_Task item_
Return, with both end lines included, exactly what the data below holds from the line with "Electric Wax Seal" through the line with "370 Pcs Roll", though not the pictures.

_Task data_
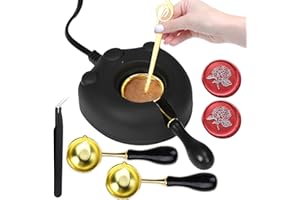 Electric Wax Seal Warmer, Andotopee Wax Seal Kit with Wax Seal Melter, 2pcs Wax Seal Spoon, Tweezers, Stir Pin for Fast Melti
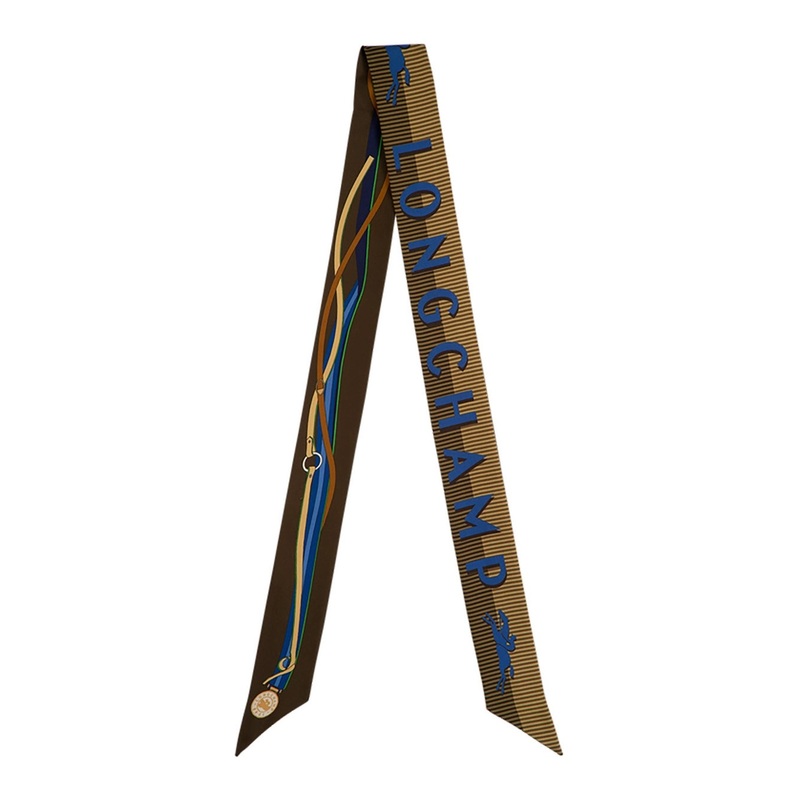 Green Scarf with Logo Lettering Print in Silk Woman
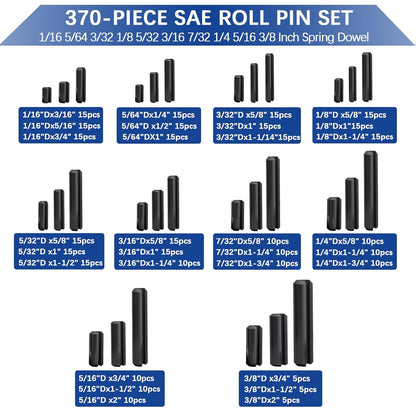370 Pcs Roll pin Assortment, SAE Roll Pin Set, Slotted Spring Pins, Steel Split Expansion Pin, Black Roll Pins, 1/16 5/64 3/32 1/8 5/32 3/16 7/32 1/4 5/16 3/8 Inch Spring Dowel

* * *

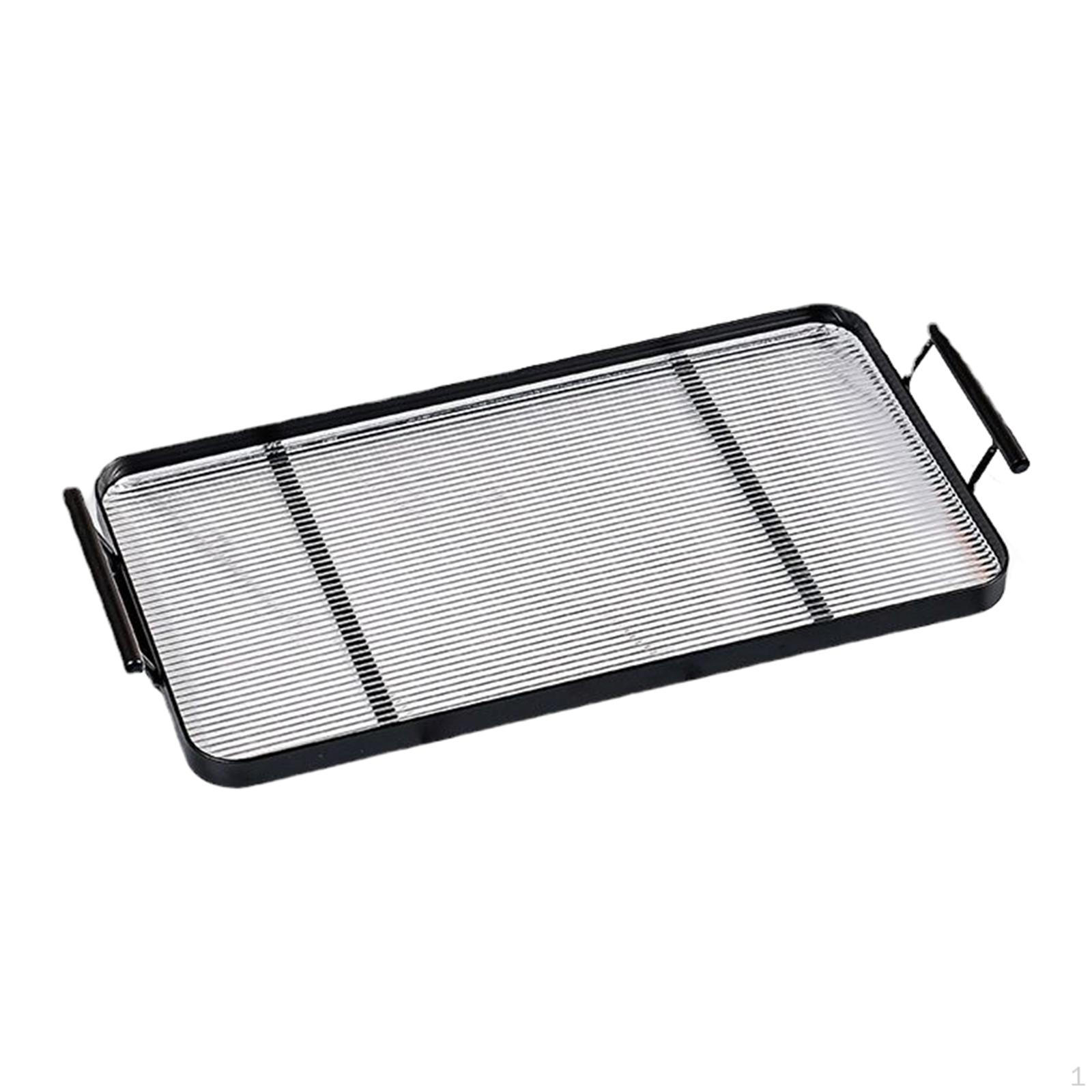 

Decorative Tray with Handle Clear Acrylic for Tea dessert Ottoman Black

_Response box_
 Electric Wax Seal Warmer, Andotopee Wax Seal Kit with Wax Seal Melter, 2pcs Wax Seal Spoon, Tweezers, Stir Pin for Fast Melti
 Green Scarf with Logo Lettering Print in Silk Woman
370 Pcs Roll pin Assortment, SAE Roll Pin Set, Slotted Spring Pins, Steel Split Expansion Pin, Black Roll Pins, 1/16 5/64 3/32 1/8 5/32 3/16 7/32 1/4 5/16 3/8 Inch Spring Dowel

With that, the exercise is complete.